Une autre approche des solides désordonnés, la transition de blocage

Le diagramme de phase du blocage

En 1998, Liu et Nagel [35] ont proposé l’idée d’un diagramme de phase schématique,  qui rassemblerait tous les matériaux dont l’interaction a une portée finie (c’est à dire qu’il existe une distance R au delà de laquelle le potentiel V(r > R) = 0). Ce diagramme comporte trois axes : inverse de la densité, température et cisaillement. Ces trois dimensions suffisent à assimiler un grand nombre de systèmes différents : les granulaires ou les mousses se situent sur le plan de température nulle, la transition vitreuse de systèmes moléculaires est habituellement étudiée dans le plan de cisaillement nul, etc… On peut comprendre ce choix d’axe de manière intuitive. En envisageant ce qui fait qu’un solide se déstabilise, trois mécanismes élémentaires sont envisageables : une augmentation de la température, qui fournit suffisamment d’énergie au système pour passer les barrières énergétiques qui le maintiennent dans l’état solide, une diminution de la densité, qui efface ces barrières (et éventuellement aussi les barrières entropiques) si la distance interparticulaire est sensiblement supérieure à la portée du potentiel, ou une augmentation du cisaillement, qui permet lui aussi de franchir les barrières énergétiques. Le diagramme de phase du blocage fait donc apparaître deux régions distinctes : une phase “bloquée” dans une zone à basse température, grande densité et faible cisaillement, qui s’oppose à une phase “liquide” en dehors de cette zone .

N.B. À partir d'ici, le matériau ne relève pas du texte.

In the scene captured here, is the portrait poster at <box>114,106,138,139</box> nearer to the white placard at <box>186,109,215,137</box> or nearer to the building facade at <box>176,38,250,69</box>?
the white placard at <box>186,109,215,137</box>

Ce diagramme de phase reste très schématique, et il doit être compris comme tel. En particulier, plusieurs remarques s’imposent sur la forme de la région bloquée dans le diagramme. Tout d’abord, la situation sur les axes intrigue. Un système avec une interaction dure à courte portée, comme des sphères dures par exemple, doit avoir une densité limite (par exemple la densité du cristal fcc, φ ≃ 0.74, pour les sphères dures en trois dimensions) au-delà de laquelle le système ne peut pas être compressé. Il y a donc un plan indépassable à densité finie pour ces systèmes. Sur ce plan, il est clair qu’il ne peut pas y avoir de déstabilisation de la phase solide, quelle que soit la valeur de la température ou du cisaillement. Un cristal de sphères dure à densité 0.74 ne peut pas couler quand on lui applique un cisaillement ou qu’on le chauffe, même à des températures arbitrairement grandes. De manière plus générale, les systèmes qui ont un potentiel divergeant à courte portée, doivent avoir une phase solide qui s’étend dans le tout le plan température/cisaillement à densité infinie.

De même, sur l’axe de la densité, il n’est pas clair que tout système perde sa phase solide à basse densité, si la température et le cisaillement sont nuls . Il y a cependant une classe de systèmes pour lequel c’est vrai : ceux dont le potentiel est purement répulsif. Dans ce cas, à température nulle, les constituants vont vouloir limiter toutes les superpositions et à basse densité, les contraintes géométriques seront suffisamment faibles pour pouvoir trouver des configurations sans superpositions (avec une énergie nulle, donc). Ces configurations ont une réponse plastique à une contrainte extérieure : ce ne sont pas des configurations solides. Pour ces systèmes, la phase bloquée ne peut donc pas s’étendre sur tout l’axe de densité dans le diagramme de phase du blocage. Enfin, la convexité de la surface séparant phase bloquée de phase débloquée peut être l’inverse de celle dessinée initialement par Liu et Nagel (par exemple dans les sphères dures [66]).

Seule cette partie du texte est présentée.